For instance, the urban farming operators could use the voucher to buy high-quality seeds from any vendor or company. The vendor also could use the voucher to claim payment from the government. Not only this approach would create healthy competition among vendors, but it also would stimulate agricultural activities.
And given that the current youth involvement in the agriculture sector is only 240,000 or 15 percent of total farmers in Malaysia as noted by Deputy Minister of Agriculture and Food Industries (Mafi) I, Datuk Seri Ahmad Hamzah, Mafi, the Ministry of Entrepreneur Development and Cooperatives (MEDAC) and Ministry of Youth and Sports (MYS) have to craft training programmes and develop grant initiatives together – attracting the younger generation of agropreneurs to involve in urban farming.
These ministries also can work with the Department of Agriculture (DOA), Malaysian Agricultural Research and Development Institute (MARDI) and Federal Agricultural Marketing Authority (FAMA) to develop more comprehensive urban farming initiatives.
While providing job opportunities for youths to embark on urban farming, young agropreneurs could enjoy higher income and productivity and yields, on top of increasing the contribution of agriculture to the gross domestic product (GDP).
For urban farming to thrive in Malaysia, the Malaysian Government perhaps could adopt and adapt the Singaporean Government’s approach – developing specific targets to encourage local food production.

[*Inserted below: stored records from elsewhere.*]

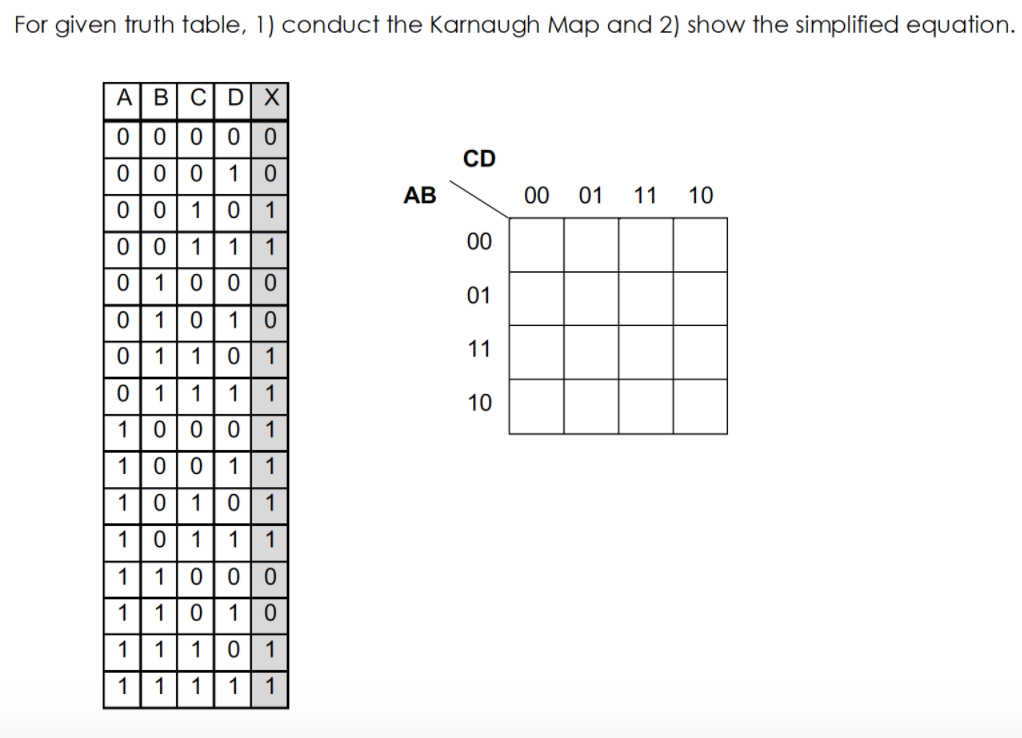 For given truth table, 1) conduct the Karnaugh Map and 2) show the simplified equation.
ABCD x
0|0|0|0| 0
CD
000
0 010
0011
01000
0|10
1
АВ
00 01
11
10
1
1
00
01
1
11
0|1101
0| 11
1
1
10
1
1
10011
1
1
1
1
1
1
1
1
10
1
10|1
1
1
1
1
1
1
1
1
o lo o lo
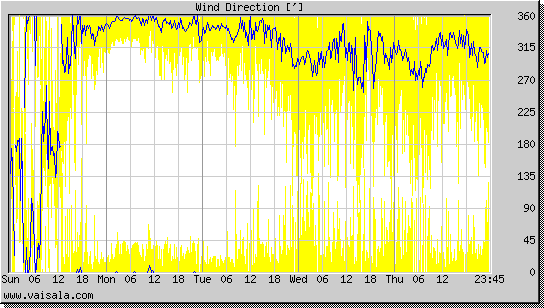 Wind Direction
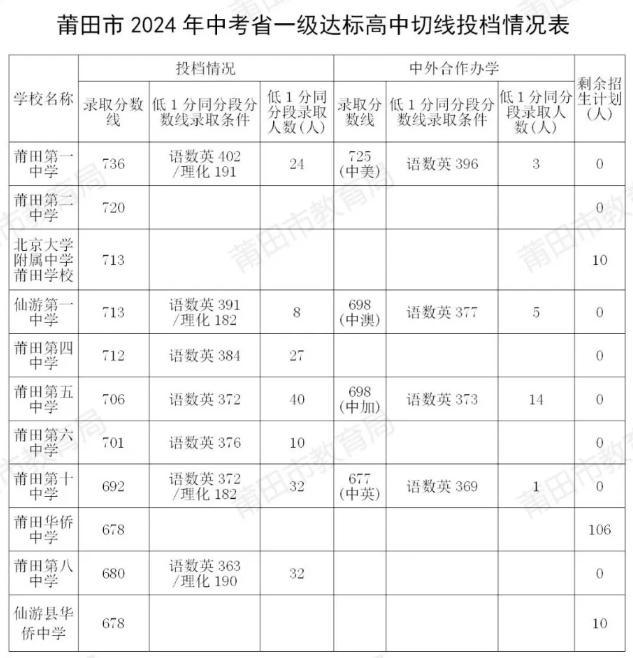 莆田普高最低錄取控制分數(shù)線公布！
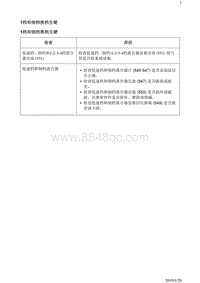 2018别克阅朗 变速器6TXX 1档和倒档换档生硬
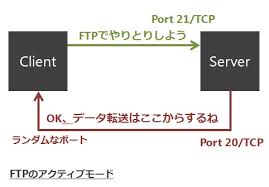Ftpのアクティブモードとパッシブモードの違いは データ転送の接続方向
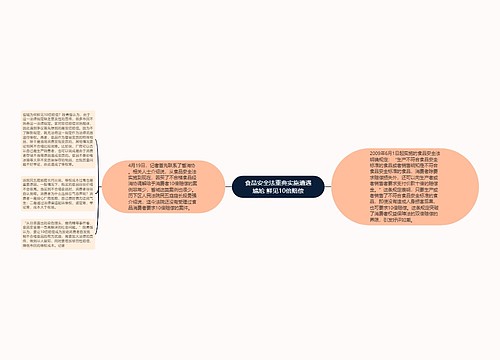 食品安全法重典实施遭遇尴尬 鲜见10倍赔偿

Even though Singapore has limited resources, Singapore is still setting an ambitious target – increase the portion of food supplied locally to 30 percent by 2030.
The upcoming 12th Malaysia Plan (12MP) also would provide timely opportunities for the government to turn empty spaces into urban farming in the context of the ongoing impact of Covid-19 besides fostering agricultural modernisation by leveraging on Industrial Revolution 4.0.
In a nutshell, every Malaysian can do their part to help Malaysia become more food resilient. By converting empty spaces into urban farms, it could reduce food waste, encourage local products purchase and reduce greenhouse gas (GHG) emissions.